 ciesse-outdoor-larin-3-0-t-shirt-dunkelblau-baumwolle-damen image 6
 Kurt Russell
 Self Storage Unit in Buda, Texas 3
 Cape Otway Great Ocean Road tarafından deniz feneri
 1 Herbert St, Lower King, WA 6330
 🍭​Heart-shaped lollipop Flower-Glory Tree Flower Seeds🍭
————————
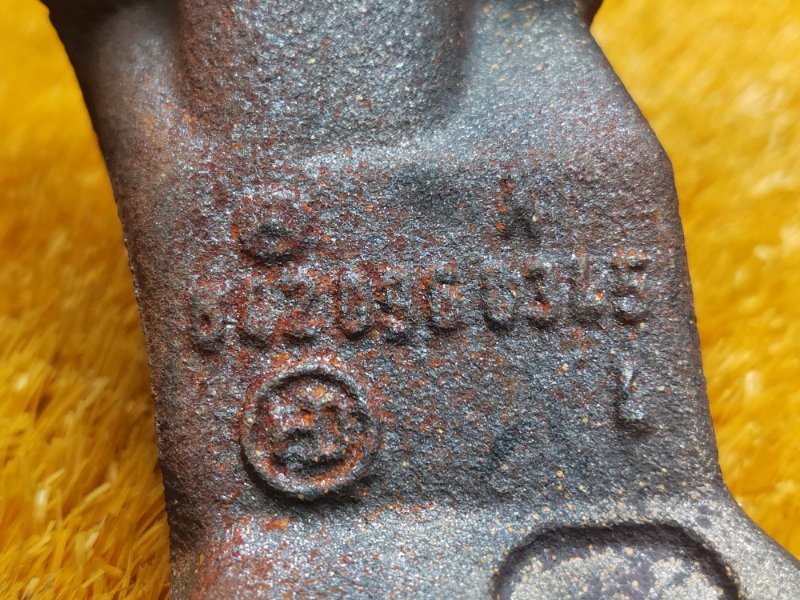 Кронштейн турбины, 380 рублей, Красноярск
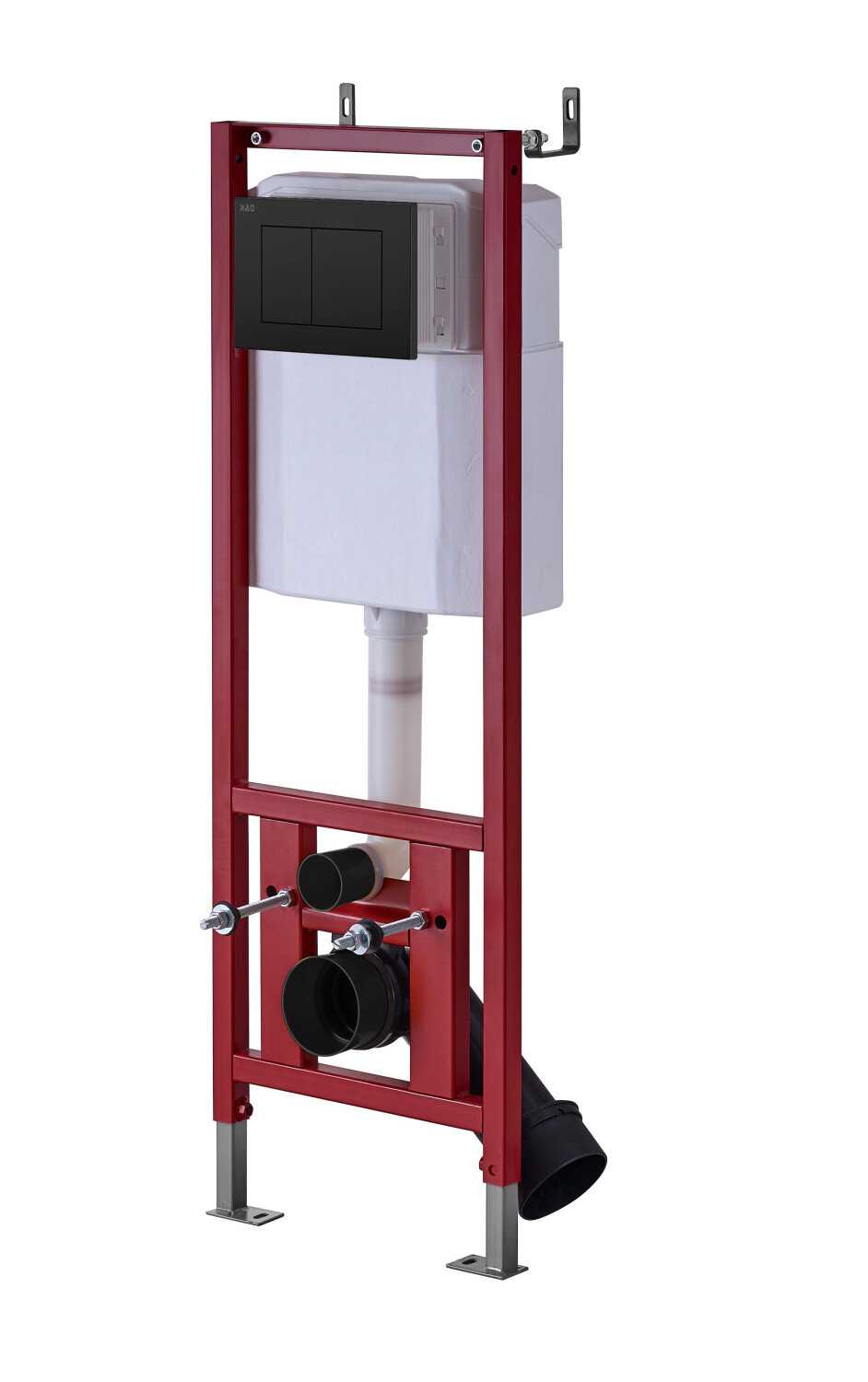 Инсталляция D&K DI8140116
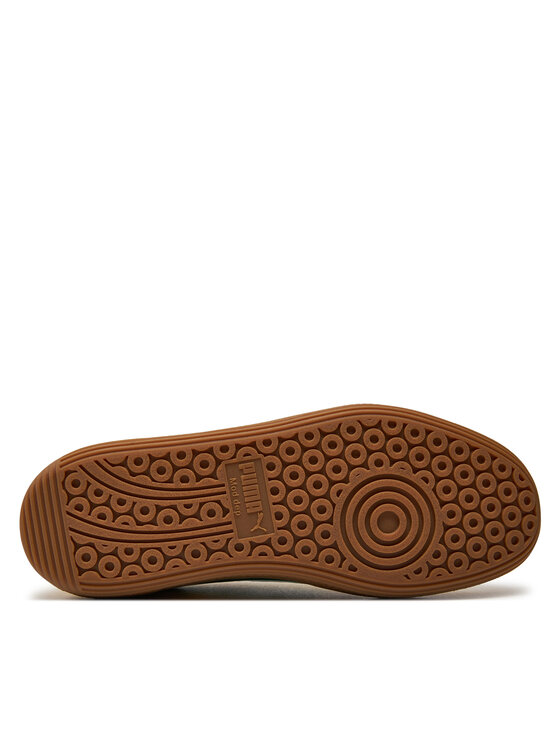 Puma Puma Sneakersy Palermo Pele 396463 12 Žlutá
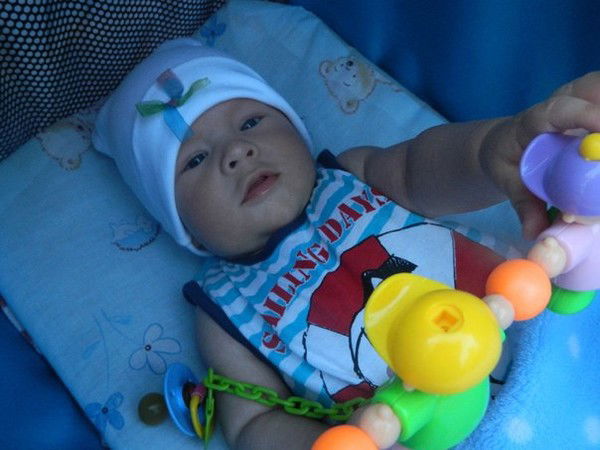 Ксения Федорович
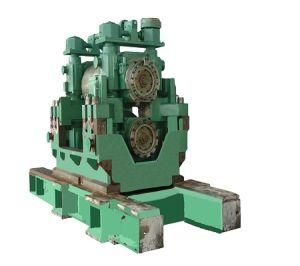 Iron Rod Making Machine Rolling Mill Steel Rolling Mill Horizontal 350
————————
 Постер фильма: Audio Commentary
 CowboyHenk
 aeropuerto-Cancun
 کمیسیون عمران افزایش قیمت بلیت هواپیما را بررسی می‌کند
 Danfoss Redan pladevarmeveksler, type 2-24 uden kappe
————————
The task — Repeat only the stretch of data above that runs from the line with "Кронштейн турбины, 380 рублей, Красноярск" to the line with "Iron Rod Making". Keep both end lines; exclude pictures.

Solution below —
 Кронштейн турбины, 380 рублей, Красноярск
 Инсталляция D&K DI8140116
 Puma Puma Sneakersy Palermo Pele 396463 12 Žlutá
 Ксения Федорович
 Iron Rod Making Machine Rolling Mill Steel Rolling Mill Horizontal 350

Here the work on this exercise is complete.